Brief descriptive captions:

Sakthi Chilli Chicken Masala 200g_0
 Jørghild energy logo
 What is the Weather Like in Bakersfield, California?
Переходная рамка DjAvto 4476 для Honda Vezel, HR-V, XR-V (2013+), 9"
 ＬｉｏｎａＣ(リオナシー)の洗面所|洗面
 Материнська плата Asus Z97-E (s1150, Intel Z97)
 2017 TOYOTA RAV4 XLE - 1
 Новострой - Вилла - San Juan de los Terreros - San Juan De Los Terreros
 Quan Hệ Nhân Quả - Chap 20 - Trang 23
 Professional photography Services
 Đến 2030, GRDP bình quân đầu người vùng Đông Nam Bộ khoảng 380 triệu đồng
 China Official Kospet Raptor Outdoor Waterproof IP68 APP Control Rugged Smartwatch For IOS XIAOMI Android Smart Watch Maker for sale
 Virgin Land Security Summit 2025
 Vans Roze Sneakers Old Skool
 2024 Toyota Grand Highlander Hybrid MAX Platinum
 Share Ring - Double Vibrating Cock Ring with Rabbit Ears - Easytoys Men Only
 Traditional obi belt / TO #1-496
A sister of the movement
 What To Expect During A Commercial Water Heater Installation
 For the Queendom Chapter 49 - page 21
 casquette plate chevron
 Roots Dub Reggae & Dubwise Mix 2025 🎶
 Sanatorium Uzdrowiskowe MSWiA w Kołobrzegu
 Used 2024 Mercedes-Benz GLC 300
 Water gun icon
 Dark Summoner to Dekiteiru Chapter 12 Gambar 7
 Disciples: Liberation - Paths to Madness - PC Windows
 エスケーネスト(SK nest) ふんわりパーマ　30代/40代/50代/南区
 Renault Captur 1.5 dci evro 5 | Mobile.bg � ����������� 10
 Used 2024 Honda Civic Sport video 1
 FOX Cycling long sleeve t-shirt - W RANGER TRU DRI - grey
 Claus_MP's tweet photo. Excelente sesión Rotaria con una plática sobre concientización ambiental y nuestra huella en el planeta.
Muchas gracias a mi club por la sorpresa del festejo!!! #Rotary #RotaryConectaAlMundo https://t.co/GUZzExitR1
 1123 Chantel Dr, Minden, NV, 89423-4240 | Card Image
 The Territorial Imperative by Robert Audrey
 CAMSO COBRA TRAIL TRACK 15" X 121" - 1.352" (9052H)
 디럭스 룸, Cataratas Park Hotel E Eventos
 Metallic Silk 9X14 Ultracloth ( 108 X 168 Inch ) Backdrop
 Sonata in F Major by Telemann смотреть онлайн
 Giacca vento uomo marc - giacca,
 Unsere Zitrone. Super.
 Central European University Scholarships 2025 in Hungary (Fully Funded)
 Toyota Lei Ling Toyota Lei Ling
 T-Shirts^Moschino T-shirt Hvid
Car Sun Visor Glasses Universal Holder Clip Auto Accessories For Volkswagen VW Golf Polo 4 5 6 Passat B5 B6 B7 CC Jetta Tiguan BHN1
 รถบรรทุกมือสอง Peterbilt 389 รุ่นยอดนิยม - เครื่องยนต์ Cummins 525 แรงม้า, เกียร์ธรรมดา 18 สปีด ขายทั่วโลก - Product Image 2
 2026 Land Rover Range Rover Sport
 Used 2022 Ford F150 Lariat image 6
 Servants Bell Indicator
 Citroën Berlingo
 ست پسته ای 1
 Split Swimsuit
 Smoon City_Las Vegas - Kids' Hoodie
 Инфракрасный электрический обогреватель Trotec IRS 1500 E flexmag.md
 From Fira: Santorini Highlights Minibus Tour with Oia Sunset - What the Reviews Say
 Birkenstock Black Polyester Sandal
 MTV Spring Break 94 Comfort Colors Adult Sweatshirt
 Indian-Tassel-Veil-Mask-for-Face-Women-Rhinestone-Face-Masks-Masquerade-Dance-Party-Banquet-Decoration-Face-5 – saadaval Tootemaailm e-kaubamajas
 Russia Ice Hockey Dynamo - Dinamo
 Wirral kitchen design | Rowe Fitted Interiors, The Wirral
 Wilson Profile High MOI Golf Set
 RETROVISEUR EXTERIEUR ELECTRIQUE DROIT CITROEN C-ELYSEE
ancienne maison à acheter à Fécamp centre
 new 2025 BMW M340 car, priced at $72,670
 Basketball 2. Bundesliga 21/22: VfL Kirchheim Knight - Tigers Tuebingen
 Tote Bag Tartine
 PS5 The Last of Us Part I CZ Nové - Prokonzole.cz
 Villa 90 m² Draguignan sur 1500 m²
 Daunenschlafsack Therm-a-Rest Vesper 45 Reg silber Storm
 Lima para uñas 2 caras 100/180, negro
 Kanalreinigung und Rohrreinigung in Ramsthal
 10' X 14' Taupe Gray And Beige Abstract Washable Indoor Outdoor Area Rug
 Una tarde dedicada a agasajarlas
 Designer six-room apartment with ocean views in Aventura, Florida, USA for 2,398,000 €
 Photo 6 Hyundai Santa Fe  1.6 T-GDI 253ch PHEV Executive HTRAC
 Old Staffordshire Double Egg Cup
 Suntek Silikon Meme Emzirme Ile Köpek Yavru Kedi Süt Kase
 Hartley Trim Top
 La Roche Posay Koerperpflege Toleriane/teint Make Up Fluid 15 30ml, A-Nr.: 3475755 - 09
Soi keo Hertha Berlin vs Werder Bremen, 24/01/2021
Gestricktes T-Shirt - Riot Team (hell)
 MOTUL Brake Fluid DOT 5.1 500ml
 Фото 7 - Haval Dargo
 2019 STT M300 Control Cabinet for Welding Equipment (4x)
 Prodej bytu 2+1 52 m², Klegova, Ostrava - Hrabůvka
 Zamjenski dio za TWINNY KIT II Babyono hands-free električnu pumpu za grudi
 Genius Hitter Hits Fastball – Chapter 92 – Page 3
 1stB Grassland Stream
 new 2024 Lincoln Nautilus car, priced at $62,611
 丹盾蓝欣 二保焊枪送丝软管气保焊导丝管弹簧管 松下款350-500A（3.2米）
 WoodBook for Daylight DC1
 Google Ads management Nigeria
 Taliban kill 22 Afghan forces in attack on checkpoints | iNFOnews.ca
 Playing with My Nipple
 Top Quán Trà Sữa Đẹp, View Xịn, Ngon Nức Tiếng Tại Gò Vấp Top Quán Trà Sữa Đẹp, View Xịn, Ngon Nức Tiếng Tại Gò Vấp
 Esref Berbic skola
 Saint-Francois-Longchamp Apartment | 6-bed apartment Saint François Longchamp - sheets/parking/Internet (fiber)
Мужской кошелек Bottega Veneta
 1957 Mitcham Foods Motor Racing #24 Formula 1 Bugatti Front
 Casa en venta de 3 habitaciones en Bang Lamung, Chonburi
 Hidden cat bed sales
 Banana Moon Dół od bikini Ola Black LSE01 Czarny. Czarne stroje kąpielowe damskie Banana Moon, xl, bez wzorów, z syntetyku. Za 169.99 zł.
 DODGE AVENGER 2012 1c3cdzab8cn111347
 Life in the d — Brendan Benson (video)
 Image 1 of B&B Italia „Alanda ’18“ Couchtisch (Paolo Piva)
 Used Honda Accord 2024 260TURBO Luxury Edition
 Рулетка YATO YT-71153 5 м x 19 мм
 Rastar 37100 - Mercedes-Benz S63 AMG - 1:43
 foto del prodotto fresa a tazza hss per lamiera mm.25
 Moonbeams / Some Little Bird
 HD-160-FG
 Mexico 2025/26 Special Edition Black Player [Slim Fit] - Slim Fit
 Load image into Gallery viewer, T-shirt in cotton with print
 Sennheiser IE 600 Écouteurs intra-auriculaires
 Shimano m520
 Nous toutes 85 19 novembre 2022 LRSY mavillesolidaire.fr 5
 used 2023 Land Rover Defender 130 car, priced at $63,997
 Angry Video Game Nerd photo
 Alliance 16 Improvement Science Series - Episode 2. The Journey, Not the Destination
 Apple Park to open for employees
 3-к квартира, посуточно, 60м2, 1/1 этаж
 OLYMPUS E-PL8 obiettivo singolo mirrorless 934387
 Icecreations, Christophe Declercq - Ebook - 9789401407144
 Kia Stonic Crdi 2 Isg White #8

WORK INSTRUCTION - Beginning at the line above that contains "Used 2024 Mercedes-Benz GLC 300", return each line exactly through the line that contains "FOX Cycling long", and no others.

YOUR SOLUTION -
 Used 2024 Mercedes-Benz GLC 300
 Water gun icon
 Dark Summoner to Dekiteiru Chapter 12 Gambar 7
 Disciples: Liberation - Paths to Madness - PC Windows
 エスケーネスト(SK nest) ふんわりパーマ　30代/40代/50代/南区
 Renault Captur 1.5 dci evro 5 | Mobile.bg � ����������� 10
 Used 2024 Honda Civic Sport video 1
 FOX Cycling long sleeve t-shirt - W RANGER TRU DRI - grey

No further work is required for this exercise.